The CEB first looked at the concept of direct report coaching seven years ago during the tail end of the economic run-up. Back then we had no worries over things like credit default swaps, inflation, rising unemployment, or prospects for continued economic growth. The economy had been vibrant for a couple decades. Few sensed the evil thug lurking in the shadows just around the calendar quarter.
Back then sales leadership applied pressure on their organizations to accelerate sales cycles. Many buyers were stockpiling profitable-to-turn inventory. Others were looking to add capacity. The market was solid and customers were — generally speaking — willing to collaborate on sped-up decision-making.
This was harvest time in American business. Behaviors reflected that. Deals were done and trillions churned. Consumption was full bore; and nowhere to be found was the new conservatism “paralysis by analysis” of recent times.
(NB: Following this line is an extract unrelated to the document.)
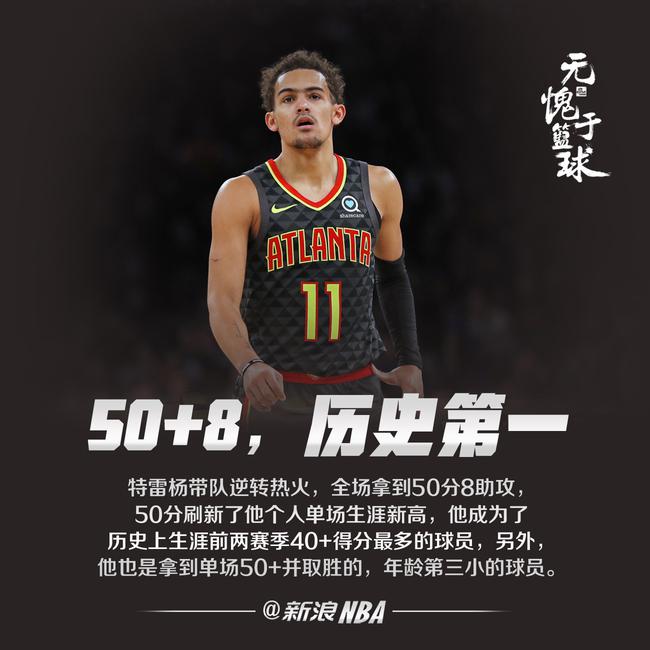 往往不显山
Today’s economy is remarkably different, which means the success formula to thrive inside the new marketplace has changed. Rather than decision-making velocity, sales organizations currently worry more about maximizing “hit rates” [the ratio of successes divided by the number of attempts]. This is a seismic shift in sales priority, some adapting better than others.
For many sales organizations and leadership teams, this recession is their first time through a down-cycle economy. Because of that (and the pressure that comes with it), an anxious, stressful need to win typifies daily activity. Emotional intelligence has become a rising leadership desirability. How else can we get the results we need without torching or burning our our sales organizations? Yelling, brow-beating, threatening, cajoling, and criticizing can drive short term results but have zero long-term sustainability — assuming the goal is a stable, self-motivated, high performance sales organization.
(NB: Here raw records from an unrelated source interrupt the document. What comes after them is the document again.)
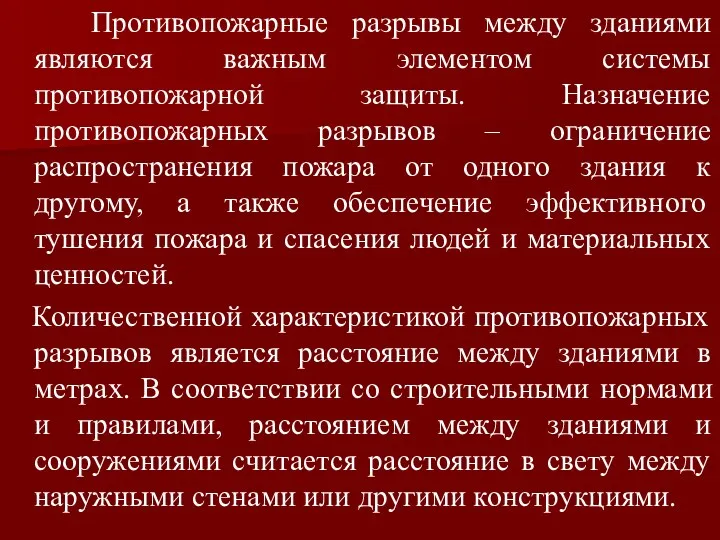 Противопожарные разрывы между зданиями являются важным элементом системы противопожарной защиты.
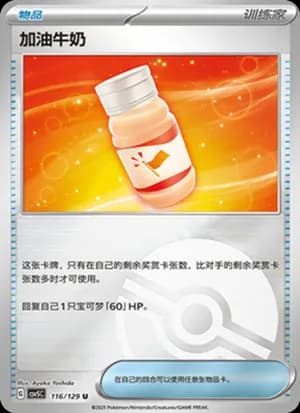 Fighting Au Lait — U 116/129 Poké Ball (Scarlet & Violet Era)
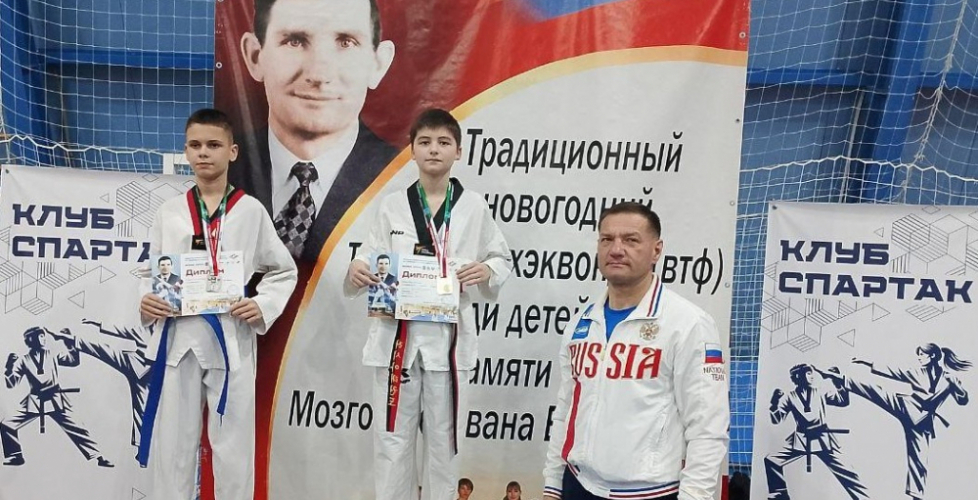 Первенство Белгородской области по тхэквондо ВТФ XXVIII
According to CEB research, today’s workers, for the most part, are not thrilled with the support they are getting. Here’s why:
- First, sales reps continue to score their managers low in terms of the coaching they provide. Fully 66% of sales reps indicate that their manager does worse at coaching as opposed to the other behaviors that a sales manager will need to demonstrate, such as planning, assessing risks, championing new initiatives, or even delivering bad news to senior management.
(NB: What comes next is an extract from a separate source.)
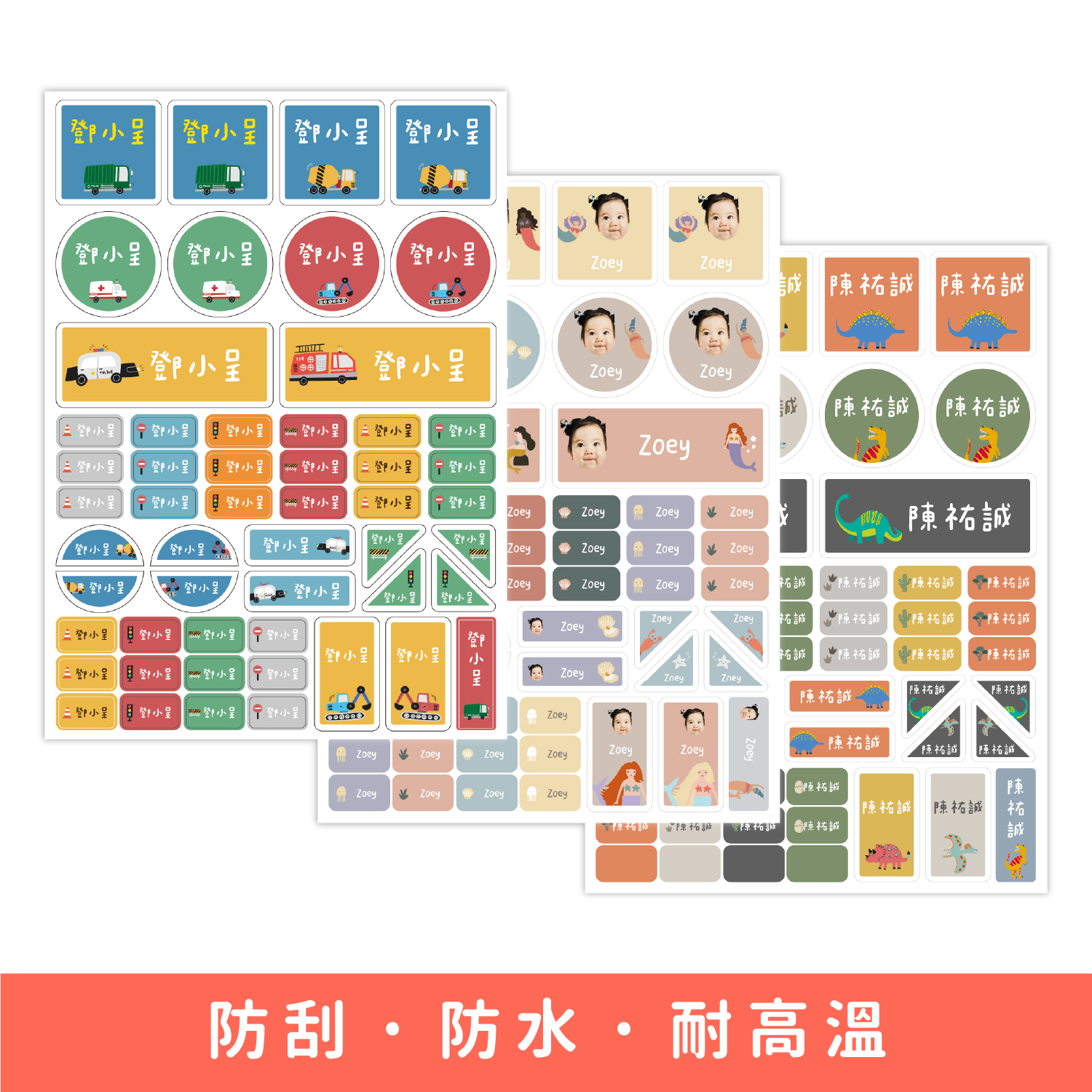 多用途姓名貼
- Second, the news is not completely bleak. In general, reps who receive no coaching are rare, which means the need to coach seems to have permeated much of the landscape. While the abilities of managers as coaches slides on a great-to-poor skill scale, at least the masses seem to be trying. Managers are rated reasonably high when it comes to sharing knowledge; and they are perceived to be reasonably well prepared for development discussions. Yet there are gaps.
The difficulty sales individuals face seem to stem from weak coaching related to three behaviors known to drive performance:
- Showing people how to appropriately pressure the customer to make a decision. Professional finesse to keep a deal moving is a game-changer. Reps need it but managers don’t do it.
- Helping reps identify “next steps” with a customer. Deals do not advance without “next steps.” Who is doing what, by when? The bigger the deal and less experienced or skilled the rep, the more likely there is to be a big “next step” gap. A smart leader does not assume the rep knows what to do: He or she verifies they know what to do.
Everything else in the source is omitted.